I found this book searching online while sitting on the front porch of the clubhouse at Pinehurst Country Club and Resort in Pinehurst, North Carolina. I had just hit rock bottom after four days of really bad golf and I decided I need to get help to improve the mental aspect of my game. The book has delivered in many ways.
The author breaks down the mental aspect of competition into three fundamental parts, which he shows as interlinked circles. The book elaborates on how each circle must remain in balance with the others. The three parts include the conscious mind, the subconscious, and the Self Image.
The conscious mind is the part of us that is aware, awake and directs our attention, focus, and many conscious actions. It is our thinking brain. In golf, we need our conscious mind to pay attention to the surroundings, lock in on a target and align to it, estimate distance, and choose a club among other things. We also need the conscious mind to learn and comprehend the mechanics of the swing so that we can train our subconscious to eventually make the swing on its own.

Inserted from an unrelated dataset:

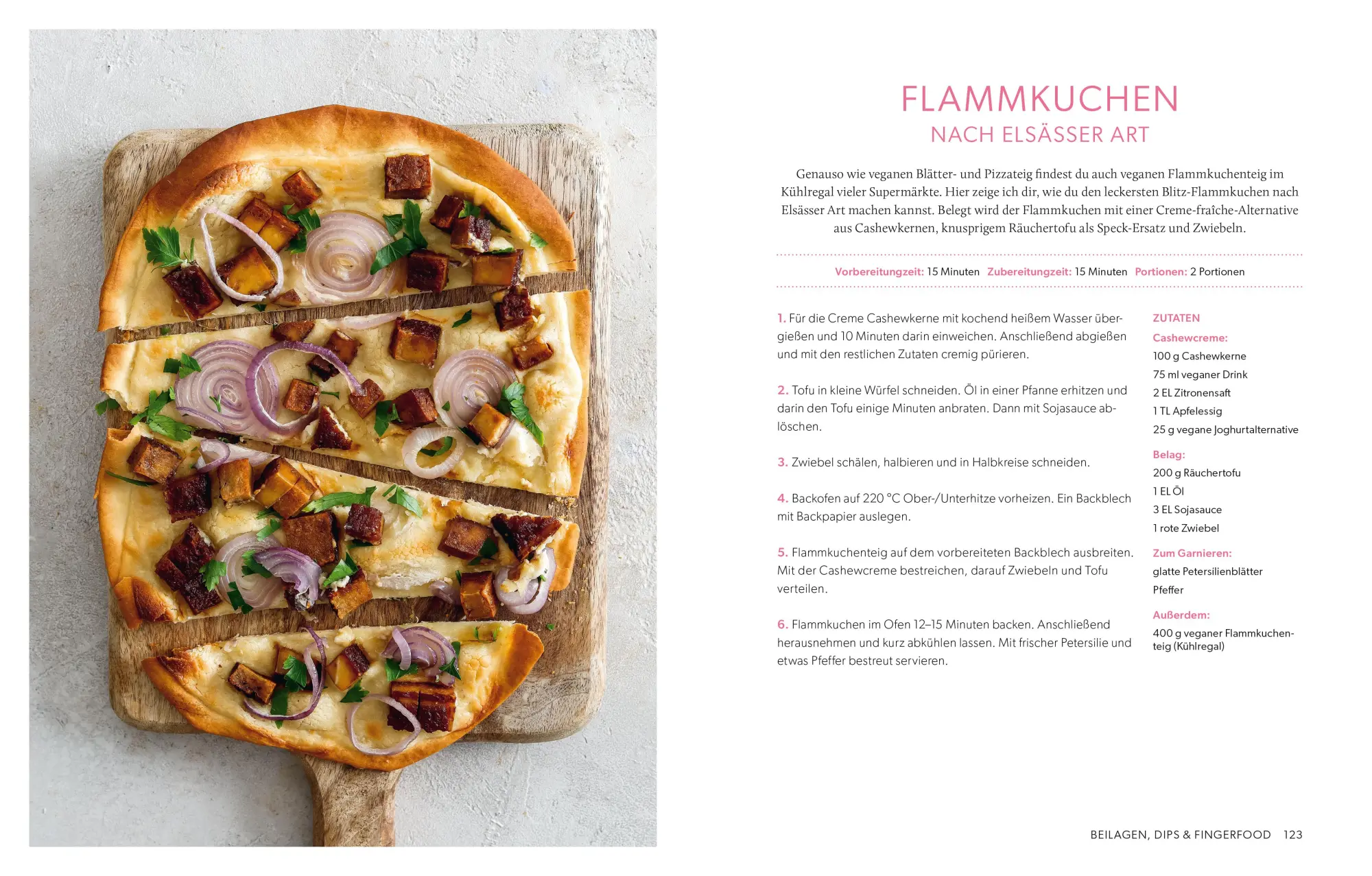 Bild: 9783965842878 | Einfach schnell vegan | Anja Romaniszyn | Buch | 160 S. | Deutsch | ZS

The subconscious is the part of us that “just knows” what to do on its own. In golf and other sports, we might call this ‘muscle memory’. When you have consciously practiced the right skills enough, eventually those skills become subconscious just like riding a bike or driving a car. In golf we can easily develop subconscious skills that hurt our golf swing rather than help. That is why we need our conscious minds to identify those problem areas, with the help of books, teachers and coaches, then practice in order to fix those areas subconsciously.
There is a quote that I first heard from a mentor, Joe Niego, that says, “Amateurs practice until they get it right. Professionals practice so they never get it wrong.” That is to say that professionals practice the right movements until they become flawlessly subconscious. I am reminded of the concept of deliberate practice, which I first heard about in the book Grit, by Angela Duckworth. Deliberate practice is an intense conscious focus on the thing you are working to learn. It is incredibly hard work and feels like a grind. This is because we are using our will, our conscious minds, to perform something that is not yet subconscious. It feels unnatural. Yet over time and with repetition, that skill eventually becomes subconscious.
The last circle, according to Bassham, is the Self Image. Ultimately, this is your ego. It is the part of you that experiences self-confidence or self-doubt. Henry Ford said, “Whether you think you can or you think you can’t, either way, you are right.” This is the part of the mental aspect of competition where you believe in your ability to accomplish your goal. Am I a person that achieves this sort of goal? Am I the sort of person that regularly makes pars and birdies on the golf course? Or am I the sort of person that always seems to find the trees or the water, losing my ball and scoring double and triple bogeys?
Bassham explains that we must consciously work to create a new, more confident Self Image if we are to achieve our dreams and goals. If I want to score in the 70s at golf, I must believe I am the type of person that shoots in the 70s at golf. He does an excellent job in the book explaining just how we can go about building this new Self Image.
The combination and balancing of these three circles of conscious mind, subconscious, and Self Image is the formula for a winning mindset in competition. The author’s system is called The Mental Management ® System. When any one of the circles becomes too large or too small, problems arise. Just as in other aspects of life including our work and family lives, balance is the key.
While the author may not have written With Winning in Mind as a spiritual book, I most certainly read it as such. There are so many examples in different fields of study that are analogous to this balance of conscious mind, subconscious, and the Self Image. Spiritually, we speak of the mind, body, and soul connection and in Christianity, there is the Holy Trinity of Father, Son, and Holy Spirt. In Psychology, Carl Jung teaches of the conscious, unconscious, and ego. The examples are endless. There is clearly a theme developing throughout the evolution of this blog, that keeps pointing back to my favorite Eckhart Tolle quote that “There is and always has been only one spiritual teaching.” Winning is a spiritual lesson for sure.